**** Records shown

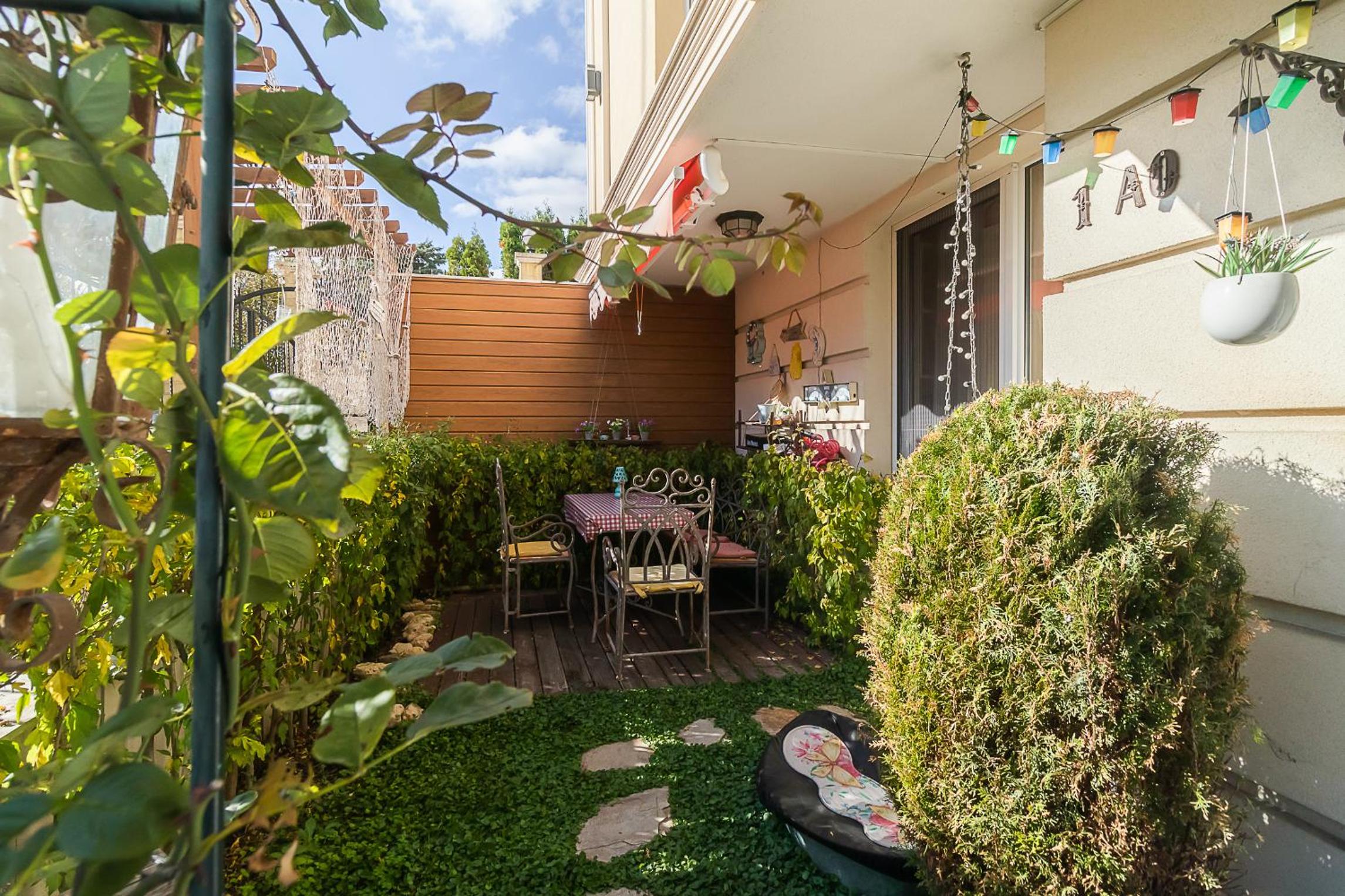 Seaside Apartment with a garden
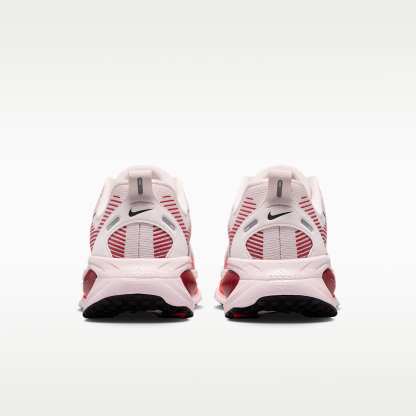 Nike Vomero 18 Straßenlaufschuh (Damen) – Pearl Pink/Team Crimson/Bright Crimson/Schwarz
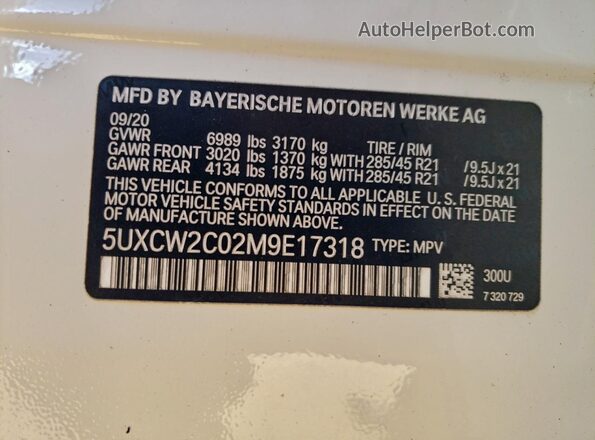 5UXCW2C02M9E17318 2021 BMW X7 White Vista de la etiqueta del VIN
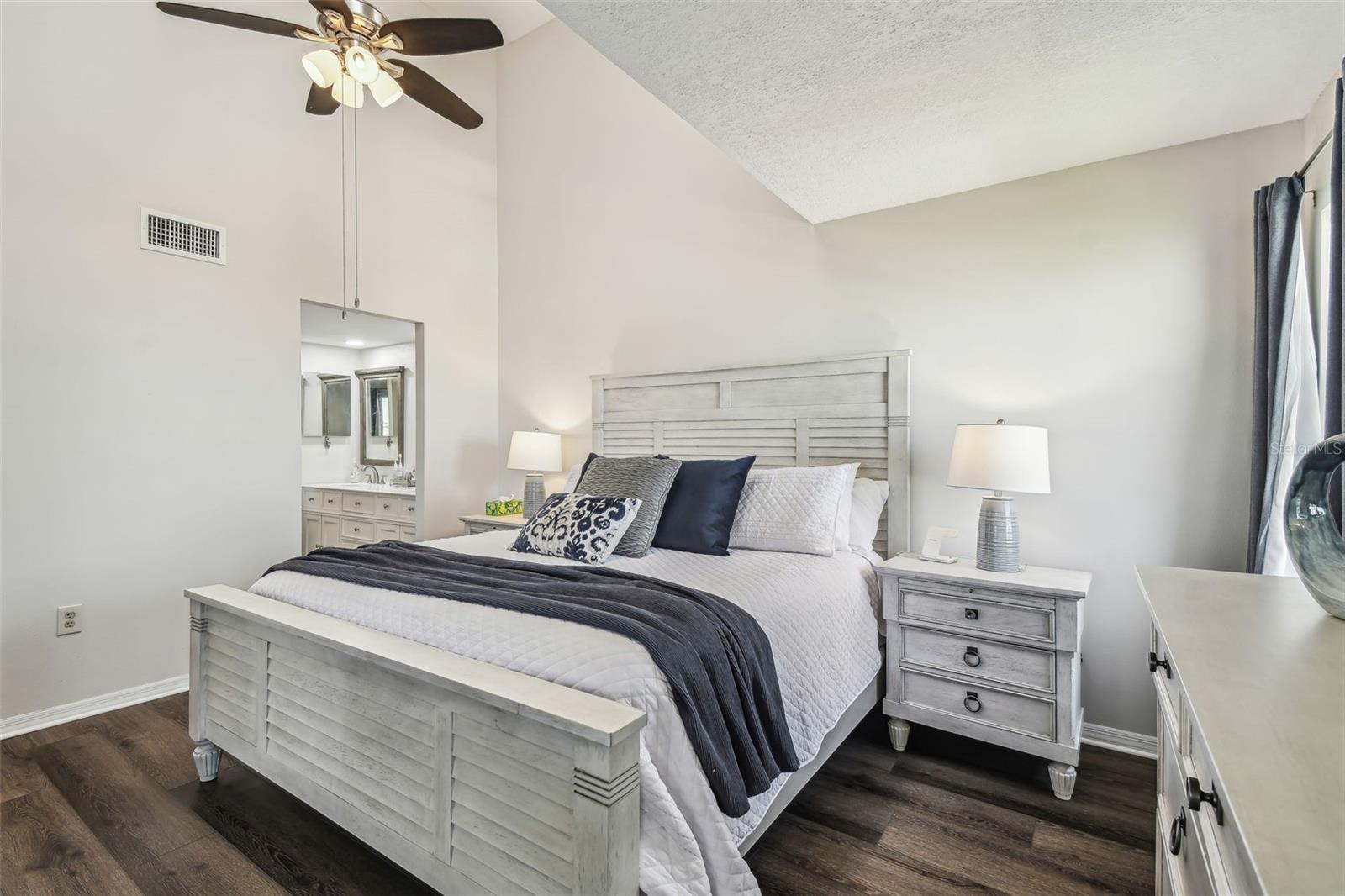 5537 SEA FOREST DR #301 — photo 22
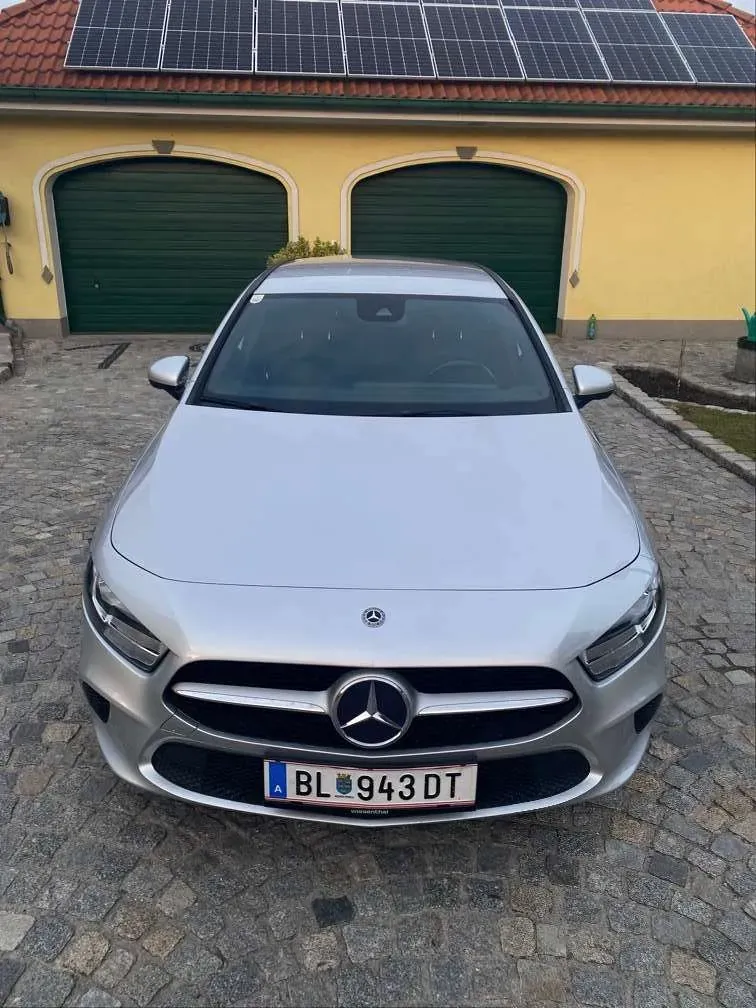 Mercedes-Benz A-Class 2019 photo 2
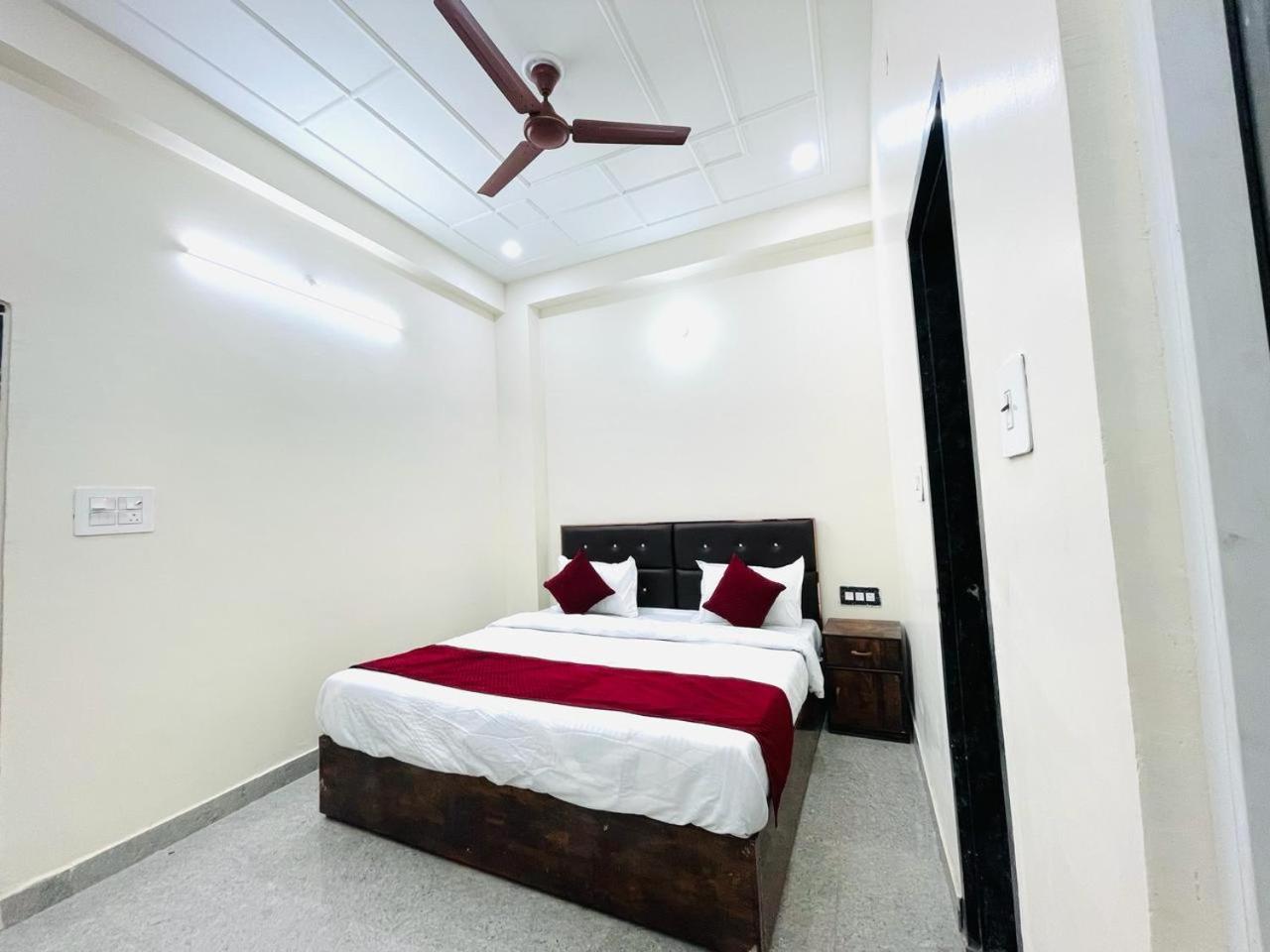 The Lord Krishna Residency Vrindavan Hotell Eksteriør bilde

********

**What is required:** The result should be the same data as above, line for line, with the pictures gone.

**Answer section:**
 Seaside Apartment with a garden
 Nike Vomero 18 Straßenlaufschuh (Damen) – Pearl Pink/Team Crimson/Bright Crimson/Schwarz
 5UXCW2C02M9E17318 2021 BMW X7 White Vista de la etiqueta del VIN
 5537 SEA FOREST DR #301 — photo 22
 Mercedes-Benz A-Class 2019 photo 2
 The Lord Krishna Residency Vrindavan Hotell Eksteriør bilde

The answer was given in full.